YOUNGSTOWN — “The Tender Land” begins with dawn breaking over a weathered farm house and barn, somewhere in rural middle America in the 1930s.
But the setting is more like “The Wizard of Oz” than “The Grapes of Wrath.” No one is pulling up stakes. It’s prewar America — a simpler, happier time, untouched by evil and ugliness.
Youngstown State University’s Performing Arts Series is staging “The Tender Land,” an opera. American composer Aaron Copland wrote the music, and the libretto is by Erik Johns.
“The Tender Land” isn’t on the list of most-frequently performed operas. Story-wise, it’s not very heavy. And at just two hours, including a 30-minute second act that follows an intermission, it’s also rather short.
But that’s America — more about the future than the past.
YSU’s production, directed by Allan R. Mosher, includes an authentic-looking set and fine performers. It opened Thursday.
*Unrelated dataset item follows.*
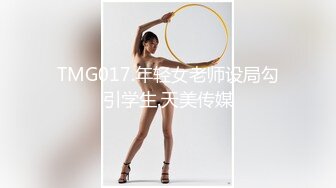 人妻绝活多，床上展示，抠得她骚死了，表演阴户抽烟！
The strength of “Tender Land” is the music, and music director Jon Simsic and his small orchestra play Copland’s score beautifully. It is a distinctly American work that is evocative of the landscape and psyche of Norman Rockwell’s America.
The orchestra mixes in undertones of fiddle and bluegrass, lending a sense of place and humanity to the soothing melodies, which seem to drift over farmlands, fields and country roads. It strikes an American chord that never fades.
Carrie Minenok sings the role of Laurie Moss, who is about to become the first member of her family to graduate from high school. It’s a happy time on the farm, where she lives with her mother (played by Elizabeth Walker), grandfather (Trevor Coleman) and little sister Beth (Natalie Modarelli). Many of the roles are double-cast for the four performances.
Minenok, Walker and Coleman played them on opening night and will again tonight; but the parts will be played by Lynn Sabeh, Shawna Jones and Joshua Taylor, respectively, on Sunday.
All the neighbors gather for Laurie’s graduation party, which includes a fun, if not subdued, country dance number. At the party, Laurie falls in love with one of the drifter-farmhands named Martin (played by Matthew J. Miles), much to the dismay of her mother and protective Grandpa, who orders the men off his land at daybreak. Laurie makes a secret pact to go with him, but Martin thinks better of the hastily formed plan and leaves before she awakens.
At the play’s end, the heartbroken but headstrong Laurie heads off alone to find her way, a restless and optimistic soul in a young country. She walks off beyond the wood-post ranch fence that she had come to view as a pen that held her in.
Minenok’s voice is powerful, clear and precise at all ranges, and she effects the openness and spunk of a young woman. Her duet with the equally talented Walker is very pleasant and one of the opera’s highlights. The same holds true for her late-night lovers’ dialogue with the expressive Miles, which brims with innocence and tension on that fertile soil.
The other smooth-talking drifter in “Tender Land” is the charismatic Top, played by Max Pivik on opening night. Pivik possesses a deep and warm voice that’s very suitable, especially when he emerges as the voice of reason while talking to Martin.